Au milieu des années 1970, Plamondon est celui que les interprètes tentent de séduire pour lui soutirer des mots qu’il sait faire sonner grâce à une méthode dont il a le secret. André Gagnon lui a dit un jour qu’il écrivait des poèmes, pas des chansons. Ce n’est pas tombé dans l’oreille d’un sourd.

PHOTO JEAN GOUPIL, ARCHIVES LA PRESSE

Nanette Workman, Luc Plamondon et Fabienne Thibault, en janvier 1979

À cette époque, Plamondon écrit avec une énergie hors du commun.

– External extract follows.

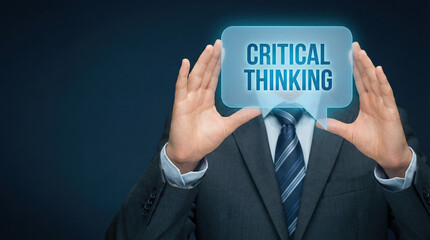 Fototapeta premium Businessman in a suit holding a hologram between hands with the words critical thinking glowing inside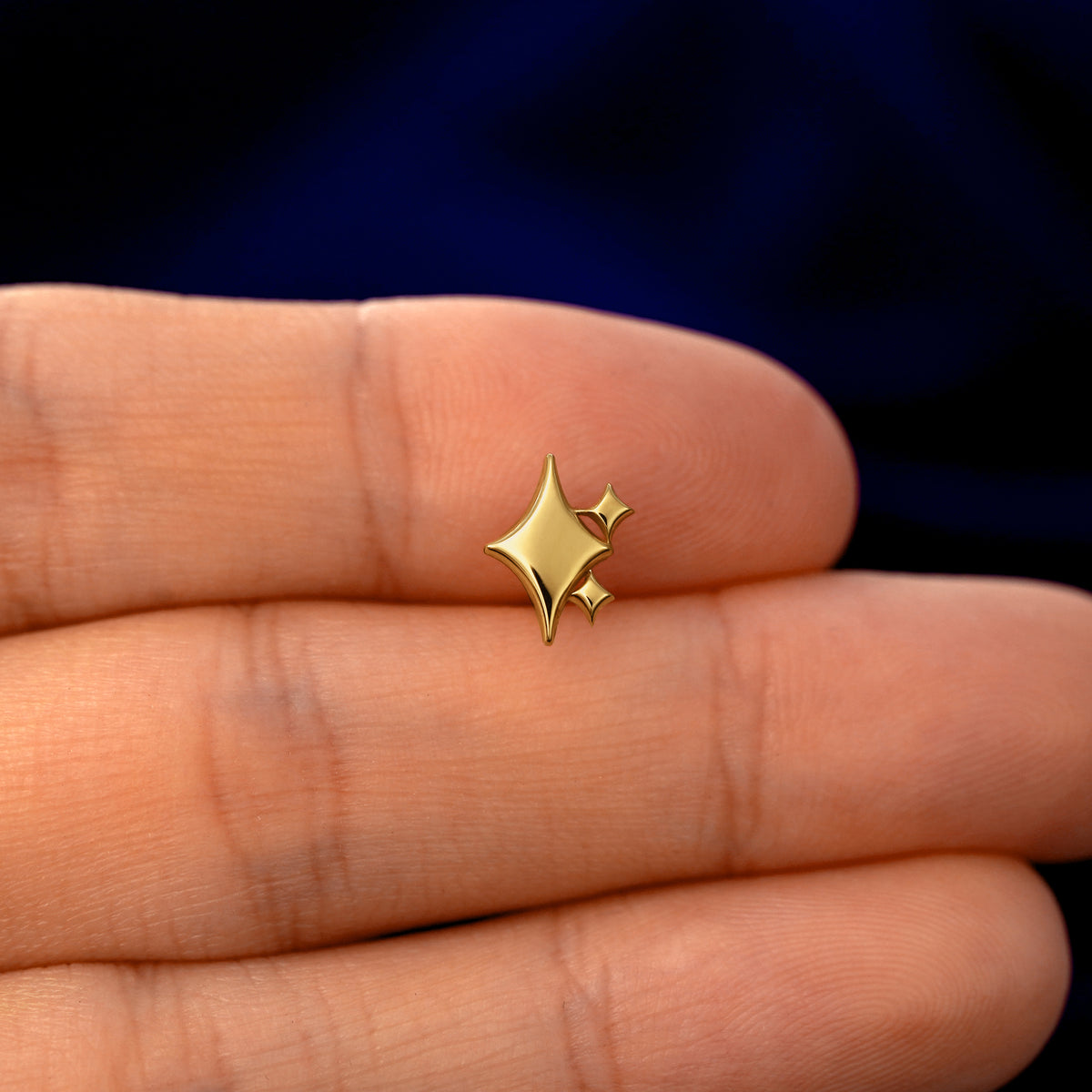 A model holding a solid gold Sparkly Emoji stud earring between two fingers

Sa créativité semble sans fond. Il crée pour Denise Filiatrault, qui veut en mettre plein la vue avec l’émission Un show qui m’tente avec du monde que j’aime, la chanson On fait tous du showbusiness. Elle sera reprise en 1976 par Diane Dufresne dans Mon premier show.

Il signe aussi quelques nouveaux titres pour Renée Claude qui présente en octobre 1974 à la Place des Arts le spectacle Je suis une femme. Pauline Julien veut elle aussi sa part de Plamondon. Il lui fait Le voyage à Miami. Pierre Lalonde lève la main. Ça sera Une femme dans ma vie.

À cela s’ajoute le début de l’écriture des chansons du disque Sur la même longueur d’onde de Diane Dufresne sur lequel on trouvera des bombes : Les hauts et les bas d’une hôtesse de l’air, J’ai besoin d’un chum et Chanson pour Elvis.

C’est également durant cette période qu’il reçoit l’appel d’un certain Michel Berger. Le compositeur français lui propose de faire équipe avec lui pour créer un opéra rock. Le travail durera deux ans. Starmania sera créé sur scène à Paris en 1978.

Pendant qu’il élabore la trame de cette œuvre devenue mythique, des artistes français en profitent pour lui mettre le grappin dessus : Françoise Hardy (Flashback), Catherine Lara (Le dernier rendez-vous, Branche-toi sur moi) et Nicole Croisille (Tout le monde peut chanter sa chanson).

Cinquante ans après avoir connu cet incroyable tourbillon, Luc Plamondon a droit à la même ivresse avec le retour de Starmania au Québec et une tournée internationale de Notre-Dame de Paris. Du jamais vu !

Luc Plamondon se fait rare. Mais chaque fois que je l’ai aperçu ces derniers mois (il est généreusement ovationné lorsqu’il monte saluer le public), je l’ai senti heureux, tellement heureux.

Ce qui me renverse au sujet de Luc Plamondon, c’est que ce métier de parolier qu’il a voulu faire dès l’âge de 8 ans a été la seule occupation de sa vie. Alors que le monde des arts oblige souvent les créateurs à vendre leur âme au diable, à faire le clown dans plusieurs sphères, ce gars est toujours resté dans son sillon.

À notre époque, cela relève de l’exploit.

Plamondon : des mots qui résonnent, le 6 avril à 21 h et le 7 avril à 20 h, Télé-Québec

Avec Beau Dommage, c’était clair !

Quel beau moment de télé nous avons eu lundi soir dernier lorsqu’Anne-Marie Dussault a offert un 24/60 Hors-série en compagnie des membres de Beau Dommage venus souligner le 50e anniversaire de leur premier album. Michel Rivard, Marie Michèle Desrosiers, Michel Hinton, Robert Léger, Pierre Huet et Réal Desrosiers (seul Pierre Bertrand était absent) ont été généreux en anecdotes et en souvenirs. Mon moment préféré fut celui où Michel Hinton a dit : « Les chansons de Beau Dommage, on sait de quoi ça parle dès la première écoute. J’écoute des trucs aujourd’hui et je ne comprends rien. » Il n’a pas tort du tout. Cette émission sera rediffusée le 24 juin et sera ensuite offerte sur OHdio. Ne manquez pas ça.